$J/ψ$-Meson Nucleon Scattering Length from Threshold Photoproduction on Light Nuclei
Igor I. Strakovsky, William J. Briscoe, Philipp Gubler, Jackson R. Pybus, Axel Schmidt, Alexander Somov
TL;DR
This paper assesses the feasibility of extracting the J/ψ–N scattering length on bound protons from near-threshold incoherent photoproduction on light nuclei using a plane-wave impulse approximation and Vector Meson Dominance. It surveys theoretical predictions from QCD sum rules, EFT, and lattice QCD, highlighting a broad spread that motivates experimental input. By generating quasi-data for the SRC/CT E12-25-002 experiment on liquid He-4, it projects a precision of about 3.08 mfm with an uncertainty around 0.45 mfm, competitive with the free-proton measurement, enabling a direct test of medium modifications to gluon structure in nuclei.
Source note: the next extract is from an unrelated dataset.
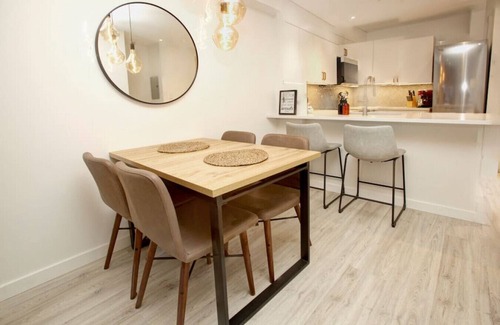 Whistler Creekside Condo | Stylish 1BR-King:Sleeps 6 Comfortably,Hot Tub, Pool & Near Everything-!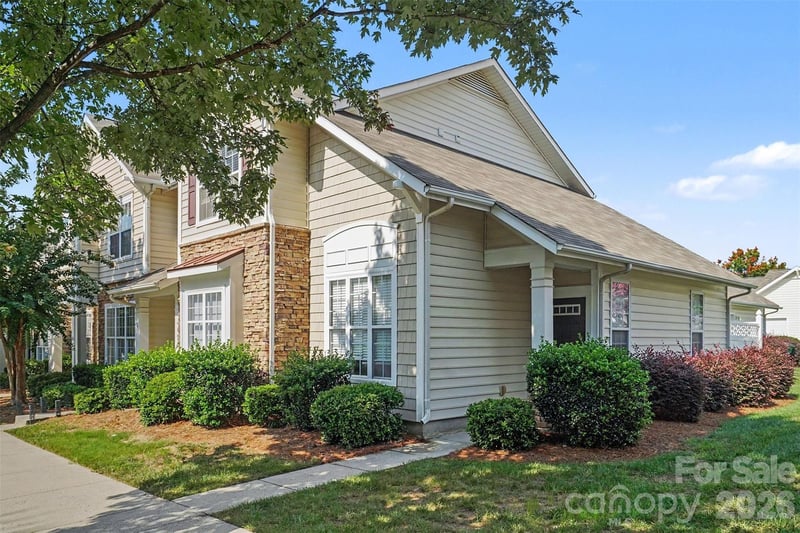 1148 Drummond Ln, Matthews, NC 28104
The work thus provides a concrete feasibility study linking realistic fluxes, spectral-function modeling, and existing GlueX constraints to constrain the J/ψ–N interaction in nuclear matter.
Abstract
The quality of recent SRC/CT Collaboration $J/ψ$ photoproduction data off a $^4$He target from Hall~D at Jefferson Laboratory, combined with the feasibility of measuring the reaction close to the free-nucleon energy threshold, opens the door to using incoherent $J/ψ$ photoproduction to access a variety of interesting physics aspects. An example is an estimate of the $J/ψ~p$ scattering length $|α_{J/ψ~p}|$ on the bound proton obtained using the Vector Meson Dominance model. This value can be compared with that of the free proton from the GlueX Collaboration. One may then project what would be expected from the SRC/CT Collaboration Experiment E12--25--002, which was recently approved by the JLab PAC. Using a plane-wave theoretical model to generate quasi-data, we find the experiment could achieve a result of $|α_{J/ψ~p}| = 3.08\pm 0.45~\mathrm{mfm}$, an uncertainty competitive with that of the free-proton measurement. A comparison between the two would allow an evaluation of the effects of medium modification in the case of light nuclei.